21 января 1943 года, в день памяти Ленина, Янис Логин организовал в бараке митинг. Собралось более трехсот заключенных. Янис говорил о вожде, читал поэму Маяковского, стихи Пушкина и Райниса.
Карл Фелдманис работал в строительной конторе лагеря. Почти каждый вечер, когда начальство уезжало домой, он тайком проникал в кабинет Качеровского и включал радиоприемник. На следующий день весь лагерь знал фронтовые новости.
Заключенные не теряли надежды вырваться на свободу, припасли самодельные гранаты, холодное оружие.
Но однажды, когда Карл Фелдманис поздно вечером, как всегда, слушал радио, в дверь забарабанили. Вошел… Качеровский. Фелдманис успел выключить радио. Качеровский быстро прошел к приемнику и положил на него руку: теплый.
— Слушал?
— Музыку.
Красная стрелка показывала Москву.
Сотни заключенных были казнены в Бикерниекском лесу и среди них — Фелдманис, Логин, Стрельчик.
Розанов работал на пилораме. Качеровский заглядывал и сюда. Увидев как-то, что двое пленных жуют хлеб, Качеровский передал их эсэсовцам «за нарушение трудовой дисциплины». Пленных расстреляли на месте.
Однажды осенью Станиславу сообщили связные: Антона Казимировича, его отца, старого коммуниста, расстреляли.
Жизнь лагеря шла своим чередом. На пилораме выходил из строя то один, то другой агрегат. А однажды заключенные устроили замыкание, и лесопилка сгорела — вся, дотла.
Как-то Розанову поручили «убрать» провокатора.
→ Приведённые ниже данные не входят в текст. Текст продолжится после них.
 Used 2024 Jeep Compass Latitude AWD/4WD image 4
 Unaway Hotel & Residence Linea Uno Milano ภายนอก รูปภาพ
Убрал. Задушил без шума и суеты. Появился вскоре второй. Розанов уже и до него стал добираться, но тот, учуяв неладное, нашептал Качеровскому. И хотя прямых улик не было, скоро подошла грузовая машина, в которую Розанову велели садиться. Он увидел в кабине, рядом с шофером, Качеровского, сердце екнуло. Однако у поворота шоссе Качеровский вылез и, махнув рукой, отправил машину дальше, в Центральную рижскую тюрьму.
Так получилось, что первым, кто встретил Розанова в Саласпилсе, был Качеровский и проводил его он же.
На том расстались. У каждого был свой единственный путь. Улик так и не нашли, и это спасло Розанову жизнь.
Мы бродили со Станиславом Антоновичем по Саласпилсу. Говорили о днях нынешних, но так или иначе связанных с мемориалом. Он рассказывал о проблемах, которые его очень волнуют. Например, о том, что туристы порой не знают, как добраться до мемориала. Едут на электричке до станции Саласпилс, но это, оказывается, не то, надо выходить ближе. Не все поездные бригады об этом объявляют, на железнодорожной рижской станции тоже ни слова об этом нет, а ведь можно бы и отдельное расписание вывесить.
Я слушал внимательно все, о чем он говорил, и мало-помалу разглядывал его. И внешность, и выговор человека не городского. В прямом, надвое, темно-русом проборе виделось что-то простое, что-то от российских молодцев, которые, подпоясавшись кушаками, выходили на кулачные бои. Годы-то годы, но еще кряжист Розанов. Правда, сутул, словно какая-то невидимая сила прижимала его к земле, не давала разогнуться.
Но я смотрел больше на его руки, не смотрел — рассматривал. Здоровенные руки землепашца. А может быть, и рабочего. Во всяком случае, руки труженика, которые столько лет были отлучены от дела.
Я смотрел на эти руки так, будто в них одних только сила, и, кроме них, человеку этому ничего больше и не надо было, чтобы в фашистском лагере безоружному привести в исполнение приговор подпольщиков. Но ведь чтобы владеть такими руками, надо, наверное, было ожесточиться сердцу и разуму.